Deep learning for intermittent gravitational wave signals

TL;DR

This paper explores deep learning methods, including various neural network architectures, to detect and analyze non-Gaussian stochastic gravitational wave backgrounds from unresolved compact binary coalescences, demonstrating promising sensitivity and parameter estimation capabilities.

Contribution

It introduces the first application of deep learning to detect non-Gaussian stochastic GW backgrounds and estimate the astrophysical duty cycle from simulated signals.

Findings

Residual networks achieve sensitivity comparable to traditional statistics.

Deep learning can estimate duty cycle and SNR directly from data.

Classifying duty cycle improves understanding of GW background characteristics.

Abstract

The ensemble of unresolved compact binary coalescences is a promising source of the stochastic gravitational wave (GW) background.
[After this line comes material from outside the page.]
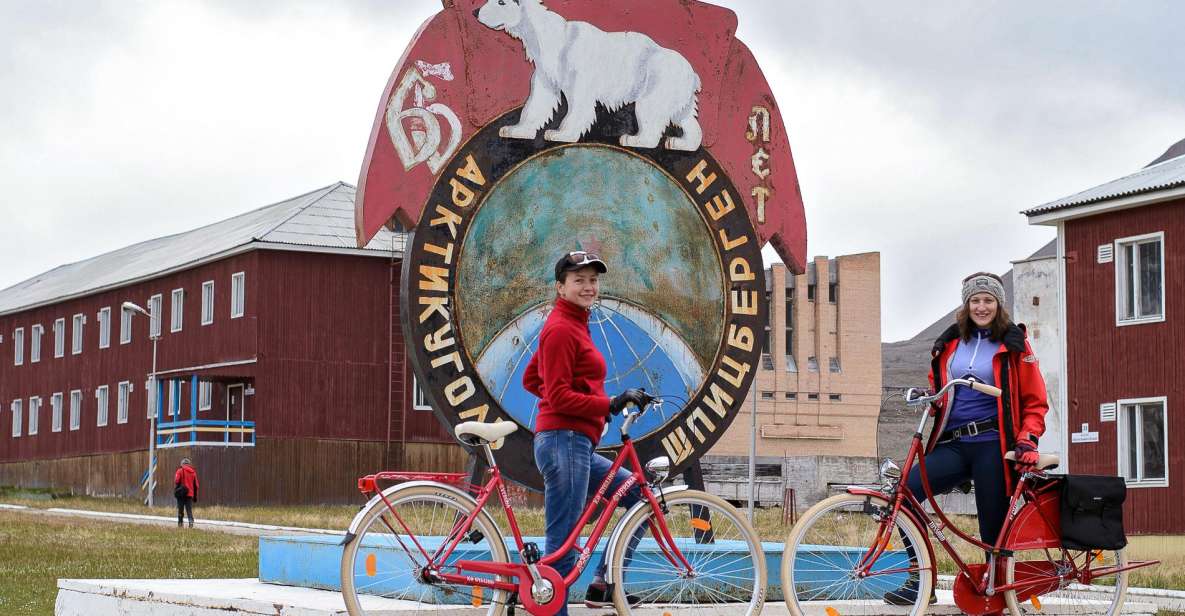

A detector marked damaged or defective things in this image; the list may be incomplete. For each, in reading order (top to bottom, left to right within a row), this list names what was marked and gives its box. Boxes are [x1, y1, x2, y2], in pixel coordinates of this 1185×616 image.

rusted metal surface [353, 0, 805, 274]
For stellar-mass black hole binaries, the astrophysical stochastic GW background is expected to exhibit non-Gaussianity due to their intermittent features. We investigate the application of deep learning to detect such non-Gaussian stochastic GW background and demonstrate it with the toy model employed in Drasco \& Flanagan (2003), in which each burst is described by a single peak concentrated at a time bin. For the detection problem, we compare three neural networks with different structures: a shallower convolutional neural network (CNN), a deeper CNN, and a residual network. We show that the residual network can achieve comparable sensitivity as the conventional non-Gaussian statistic for signals with the astrophysical duty cycle of $\log_{10}\xi \in [-3,-1]$. Furthermore, we apply deep learning for parameter estimation with two approaches, in which the neural network (1) directly provides the duty cycle and the signal-to-noise ratio (SNR) and (2) classifies the data into four classes depending on the duty cycle value. This is the first step of a deep learning application for detecting a non-Gaussian stochastic GW background and extracting information on the astrophysical duty cycle.